No, because undoubtedly a big number of votes for Macron in the last presidential elections were votes against the right wing populist candidate Marine LePen. Secondly Macron already outspokenly stated that he would not ally with the already existing political groups in the European Parliament such as the Liberals (ALDE). Most definitely he will not look for an alliance with the right conservative group ECR, or the centre-right EPP. For the Social democrats (S&D), after what happened in France is not even worth questioning.


Moreover it is not certain if the Macron movement can have the same strategy as in France in the other bigger member-states like Germany with 90 members to elect, Italy , 73 members to elect, Spain , 54 members to elect, or in Poland with 51 members to elect. This is also to be seen with regards to the different political landscapes in these countries and of course essentially with regards to the special situation in France in the presidential election campaign last year.


Germany now has a stable government between CDU/CSU and the SPD. The centre parties are still the main political and accepted force and even the Liberals and the Greens are seen as centre parties with a quite stable electorate between 8% and 12%. The political challenge in Germany is the right-wing Populist Party AfD and not the center.


Italy just had parliamentary elections and it is not clear who will form a government. The “little flirt” of former PD chairman Matteo Renzi with Emmanuel Macron has not paid off and it is not evident that PD will look for an alliance with the French President in the European elections 2019.


Spain’s political landscape is now definitely more fragmented than in 2014 and the two movements Ciudadanos and Podemos are part of the political scenery. It is difficult to imagine that a new movement in the centre could emerge.


Poland could be a possible “battle field” for Macron as the centre left is very divided and fragmented that a new force could easily emerge as a vibrant opposition to the current right wing illiberal government.

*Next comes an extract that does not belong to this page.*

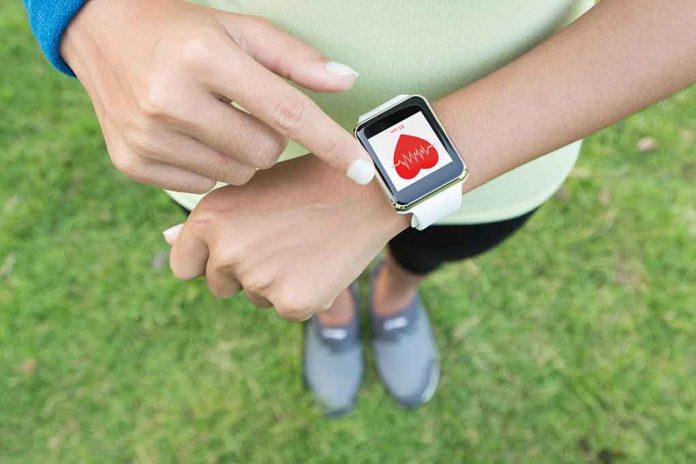 Apple Watch Alerts Wearer to Heart Trouble -- Discovers Hidden Tumor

The imminent challenge for progressives is the changing nature of European societies. We are in a perceived crisis of sovereignty where the definition of a liberal, open and socially equal society based on fundamental European values is being threatened.


Moreover new scientific advances, rapid technological leaps, penetrating digitalisation in our daily lives combined with major demographic changes and intensifying globalisation are having huge impacts. All this, without even talking about climate change, migration and further urbanisation.

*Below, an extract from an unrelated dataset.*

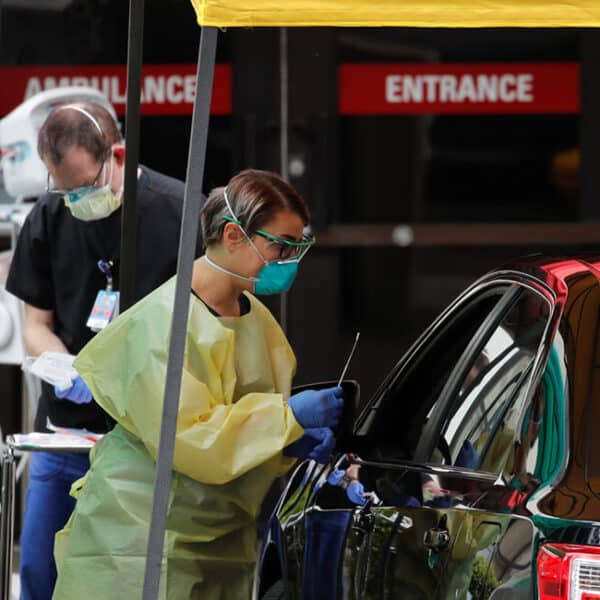 Pope prays for coronavirus victims, workers who died serving others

Social democracy has to redress its narrative and not only to renew itself with clearer alternative proposals towards citizens in which way their competencies are enhanced to cope with these economic, social and cultural changes.


The challenges of the Social democrats for the 2019 elections are not first and foremost the Macron movement but the capability to propose a forward-looking European vision that attracts those citizens who share progressive European values.


The challenges lie in the capacity to gain strength by mobilising political energy in line with a progressive European agenda in times when reactionary forces are playing with ultranationalism, isolationism, racism and authoritarianism. This is in a total opposition to progressive European values and ideals of equality and solidarity.